Travis Kelce signed a four-year, $3.12 million rookie contract that included a signing bonus of $703,304 after being drafted by the Kansas City Chiefs in 2013. Not even a single penny is left. The former Cincinnati Bearcat tight end was selected with the No. 63 overall pick and immediately blew all of his money on extravagant purchases, he revealed on Shannon Sharpe’s “Club Shay Shay” podcast.
“Man, I spent it all,” he said. “I should’ve been on the ’30 for 30: Broke’ the way I was spending!”
Fortunately, the whole NFL thing worked out and the six-time Pro Bowler has set himself up for financial stability with pretty heavy contracts. Kelce is considered one of the best to ever play his position and was named to the NFL’s 2010 All-Decade Team after winning Super Bowl LIV. Through 111 games, he has recorded 612 catches for 7,881 yards and 48 touchdowns and boasts a net worth of approximately $20 million. That wasn’t always the case.
In spite of his significant first-year contract, Kelce was struggling to pay rent by the end of his rookie season. His spending was lavish and much of his money went to a Rolex and shoes.
“I’m a big sneaker fan,” he told Sharpe. “And the Marty McFlys — the ‘Back to the Future’ — the Nike Air Mags were the first purchase of kicks that I got. I knew I wanted ’em ever since I saw ’em self tie themselves on McFly’s feet!”
Online sale of the Nikes he purchased ranged between $2,300 and $9,959 when originally released but can be found running up to $65,000 in resale value.
In addition to his sneaker purchases, Kelce went to a local Kansas City jewelry store and got himself a Rollie. The standard entry price of a Rolex runs about $5,000, but surely his was well above entry-level. While his outfits were always on-point, Kelce’s apartment was nearly unaffordable and barren.
“I was walking into this empty apartment with Marty McFlys on and a rolex,” he said. “I felt like I was the coolest guy in the world.”
Most recently, Kelce signed a 4-year, $57.25 million contract, so he will be fine.
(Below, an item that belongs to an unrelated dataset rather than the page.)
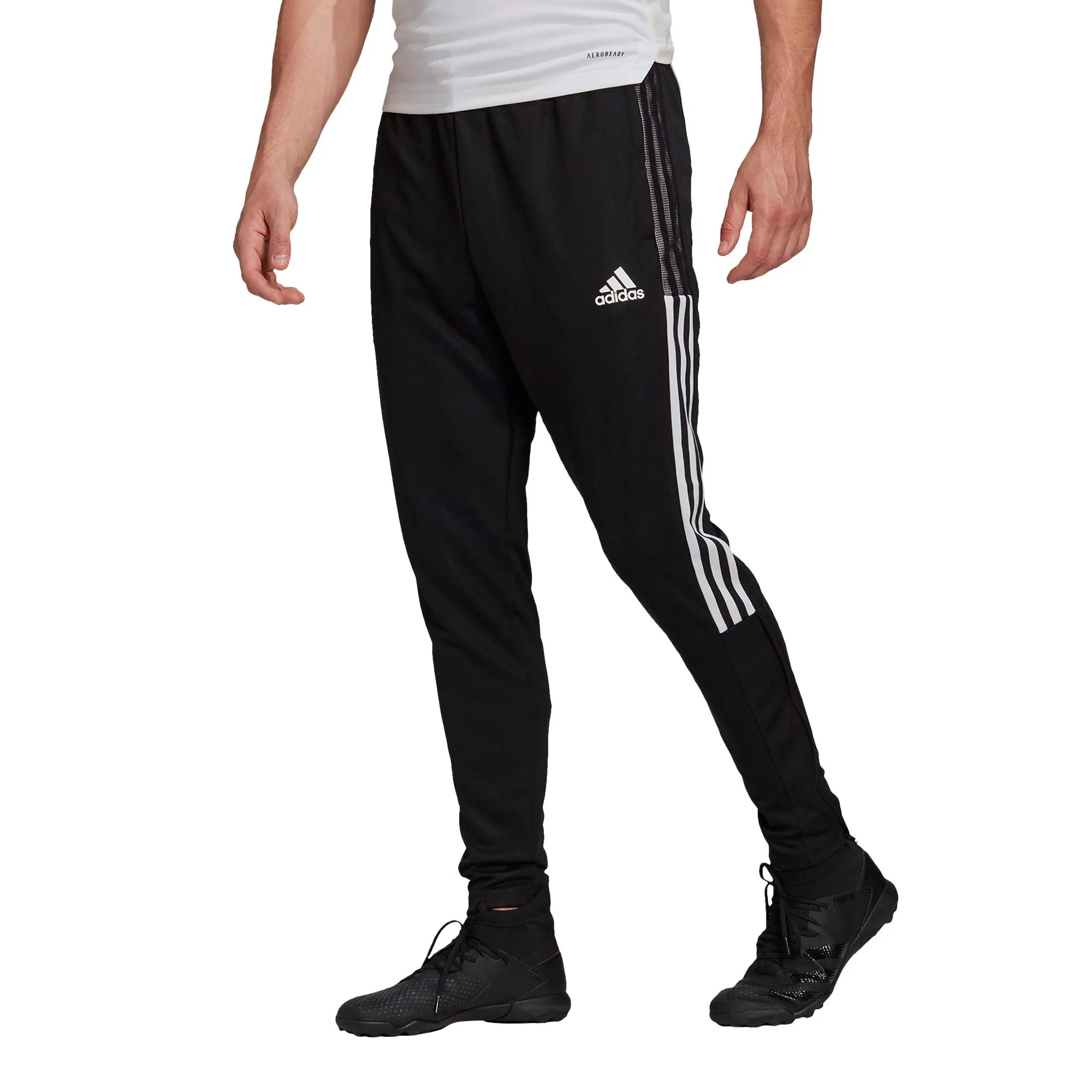 Adidas Youth Tiro 21 Track Pants (Black/White)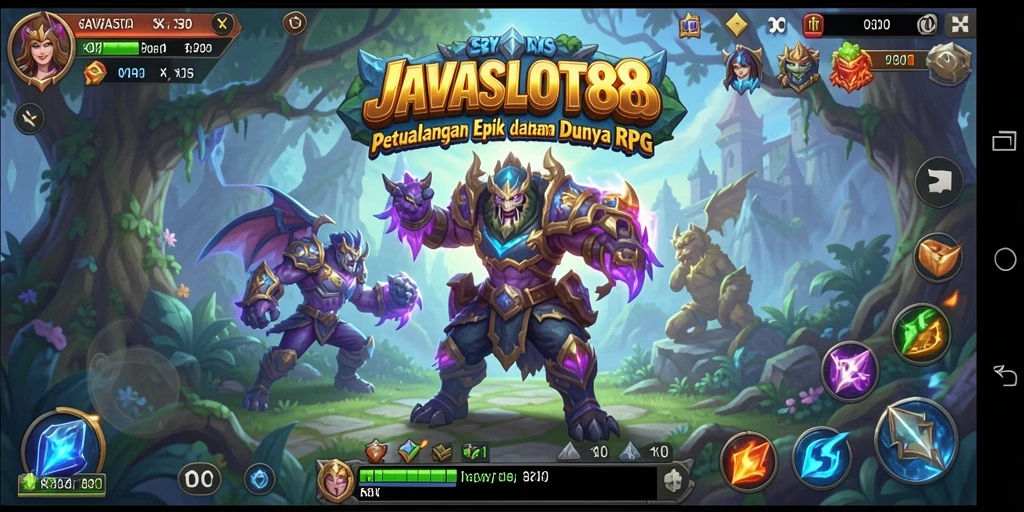 Tangkapan layar menunjukkan aksi pertempuran seru di <strong>JAVASLOT88</strong>.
But if he had to do it again, he told Sharpe that he would have managed his money better.
“All the young guys in the league, all the guys that have the opportunity to get that big first check from the NFL — save it,” he advised. “Find a financial advisor that you trust, that’s gonna do right with your money because I was searching around for car deals after my first year trying to just pay rent!”